Fifth belonged to another rookie, Patricio O’Ward, for Carlin Racing’s Chevrolet. Unlike Rosenqvist, who has Formula 1 experience, the 19-year-old O’Ward is a true rookie having just come off winning the Indy Lights championship in 2018.
"This place is a blast!" O'Ward said of his first Indycar experience at Long Beach. "It's quite hard to get those last three-tenths (of a second). It's really, really hard to get everything right. You have to be precise because here (because) you don't have grass (runoff areas as on permanent road course); you have a wall. It's pretty tough to get around here with a perfect lap, but I'm enjoying so far."
The top 10 was rounded out by Hunter-Reay teammate and defending race winner Alexander Rossi from the Andretti Autosport stable, Graham Rahal with Rahal Letterman Lanigan, COTA winner and rookie Colton Herta (with a morning practice time) from Harding Steinbrenner, Simon Pagenaud from Penske, and James Hinchcliffe from Arrow Schmidt Peterson.

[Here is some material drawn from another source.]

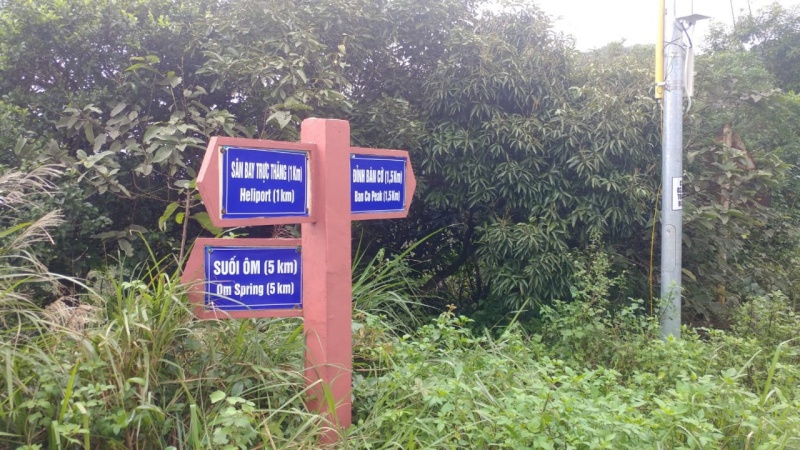 Vietnam Locals Travel & Transport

Will Power and Sebastien Bourdais, both inducted on Thursday as the first active drivers in the GPLB Hall of Fame, were 15th and 19th respectively.
IMSA
Three-time Indy 500 champion Helio Castroneves won the pole for the Bubba Burger Sports Car Grand Prix of Long Beach. Castroneves wheeled his Acura Team Penske DPi around the course in a track record 1:11.332 (99.321 mph), and Penske teammate Juan Pablo Montoya took third. Felipe Nasr broke up a Penske sweep by placing his Cadillac DPi for Whelen Engineering Racing in second.
Nick Tandy won pole for the GTLM class in 1:16.313 (92.838 mph) in a Porsche 911 RSR.
Bourdais, doing double-duty this weekend, was fourth in a Ganassi Ford GT.
HISTORICS
In the Historic IMSA GTO qualifying, Craig Bennett edged Irvine’s Joel Miller for the pole. Bennett’s 1990 Nissan 300ZX clocked 1:24.700 to Miller’s 1:25.956 in a 1991 Mazda RX7.